Universities UK has been campaigning for a change in the law because it fears data could be ‘scooped’ before scholars had been able to publish their findings or companies involved in research are able to take out patents.
This would make universities, individual scientists and companies less likely to collect data, UUK claims.
It has argued that a new exemption should be inserted into the Act during the passage of the Protection of Freedoms Bill, legislation that addresses freedom of information.
However, Home Office minister Lord Henley said this week that he believed that “adequate protection already exists” for pre-publication research.
The Act already exempts information if it will be published in the future or if it would be commercially damaging.
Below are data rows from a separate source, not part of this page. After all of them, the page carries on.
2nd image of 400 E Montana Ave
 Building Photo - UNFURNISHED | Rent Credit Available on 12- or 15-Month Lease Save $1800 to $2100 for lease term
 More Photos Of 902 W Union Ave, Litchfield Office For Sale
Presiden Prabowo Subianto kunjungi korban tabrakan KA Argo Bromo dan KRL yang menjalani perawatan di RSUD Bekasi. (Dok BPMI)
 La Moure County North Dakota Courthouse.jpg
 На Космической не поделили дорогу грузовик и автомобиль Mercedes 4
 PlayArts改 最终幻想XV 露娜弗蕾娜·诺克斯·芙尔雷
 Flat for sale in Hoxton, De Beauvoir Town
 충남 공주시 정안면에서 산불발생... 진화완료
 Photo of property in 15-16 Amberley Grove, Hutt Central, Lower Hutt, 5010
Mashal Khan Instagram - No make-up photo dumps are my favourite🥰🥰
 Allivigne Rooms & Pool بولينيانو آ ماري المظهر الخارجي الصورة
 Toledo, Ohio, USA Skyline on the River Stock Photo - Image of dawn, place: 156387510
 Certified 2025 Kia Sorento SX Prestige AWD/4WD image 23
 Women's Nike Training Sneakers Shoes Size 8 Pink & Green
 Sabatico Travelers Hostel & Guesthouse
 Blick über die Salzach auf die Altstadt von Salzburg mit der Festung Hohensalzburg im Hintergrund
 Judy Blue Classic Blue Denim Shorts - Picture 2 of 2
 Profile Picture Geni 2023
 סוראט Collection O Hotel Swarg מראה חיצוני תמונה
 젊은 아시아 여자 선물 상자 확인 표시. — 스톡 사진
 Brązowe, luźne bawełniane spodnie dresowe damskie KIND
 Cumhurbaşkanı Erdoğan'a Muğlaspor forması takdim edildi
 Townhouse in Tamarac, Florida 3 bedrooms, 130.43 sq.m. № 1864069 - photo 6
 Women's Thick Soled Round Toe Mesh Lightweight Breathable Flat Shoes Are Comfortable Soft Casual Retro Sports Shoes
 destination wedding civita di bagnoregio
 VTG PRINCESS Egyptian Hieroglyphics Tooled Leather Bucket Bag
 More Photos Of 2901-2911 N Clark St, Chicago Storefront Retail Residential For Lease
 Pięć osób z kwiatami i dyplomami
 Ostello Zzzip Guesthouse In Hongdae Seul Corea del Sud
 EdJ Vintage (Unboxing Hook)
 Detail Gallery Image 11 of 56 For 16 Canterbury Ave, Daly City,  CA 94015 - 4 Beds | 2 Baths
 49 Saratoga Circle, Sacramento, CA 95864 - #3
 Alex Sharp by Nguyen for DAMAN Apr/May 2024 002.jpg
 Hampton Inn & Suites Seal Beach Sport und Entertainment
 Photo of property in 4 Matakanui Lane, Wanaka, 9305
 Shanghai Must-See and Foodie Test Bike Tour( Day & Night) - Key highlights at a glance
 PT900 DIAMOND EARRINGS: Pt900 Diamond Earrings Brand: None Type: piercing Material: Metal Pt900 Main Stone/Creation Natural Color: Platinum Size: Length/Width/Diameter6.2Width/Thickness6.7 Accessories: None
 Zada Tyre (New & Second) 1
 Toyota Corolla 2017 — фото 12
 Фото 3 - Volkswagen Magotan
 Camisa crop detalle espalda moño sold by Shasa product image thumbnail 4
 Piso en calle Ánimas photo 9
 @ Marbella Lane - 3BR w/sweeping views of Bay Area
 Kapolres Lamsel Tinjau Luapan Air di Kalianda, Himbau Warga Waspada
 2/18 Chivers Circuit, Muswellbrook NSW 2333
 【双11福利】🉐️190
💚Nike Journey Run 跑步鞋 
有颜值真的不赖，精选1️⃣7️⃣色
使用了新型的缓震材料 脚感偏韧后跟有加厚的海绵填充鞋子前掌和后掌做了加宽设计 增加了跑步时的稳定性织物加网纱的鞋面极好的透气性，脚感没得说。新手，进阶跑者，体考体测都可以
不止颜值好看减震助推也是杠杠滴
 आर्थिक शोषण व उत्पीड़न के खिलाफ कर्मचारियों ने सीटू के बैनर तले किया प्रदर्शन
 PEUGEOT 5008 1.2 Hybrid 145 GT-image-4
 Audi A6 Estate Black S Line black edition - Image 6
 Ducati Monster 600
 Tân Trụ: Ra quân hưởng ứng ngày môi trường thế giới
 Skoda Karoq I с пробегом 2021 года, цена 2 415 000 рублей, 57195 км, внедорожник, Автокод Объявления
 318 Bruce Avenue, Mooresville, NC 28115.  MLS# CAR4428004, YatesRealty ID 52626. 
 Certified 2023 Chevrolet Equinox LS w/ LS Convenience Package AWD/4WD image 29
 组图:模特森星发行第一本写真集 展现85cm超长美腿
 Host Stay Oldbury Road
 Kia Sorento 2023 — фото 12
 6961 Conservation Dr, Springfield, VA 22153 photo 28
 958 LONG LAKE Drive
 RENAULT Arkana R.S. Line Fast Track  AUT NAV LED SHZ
Lord Henley acknowledged that “adequate safeguards must exist within information rights legislation to make sure that that position [of universities] is not undermined through inappropriate and premature disclosure.”
But he said during the third sitting of the report stage of the Bill in the House of Lords that a number of exemptions already protect research-related material.
“Therefore, the amendment provides alternative protection rather than necessary additional protection and is not necessary,” he said.
UUK has also raised concerns that research done in collaboration with companies might be released before it was advanced enough to prove a commercial interest exemption.
But Lord Henley said it was not for him to prejudge what the Information Commissioner, who rules on FOI disputes, would decide in such cases.
The UUK amendment was withdraw before it could be put to a vote.
UUK will continue to call for an amendment in evidence to the Commons Justice Select Committee, which is currently considering the effects of the Act.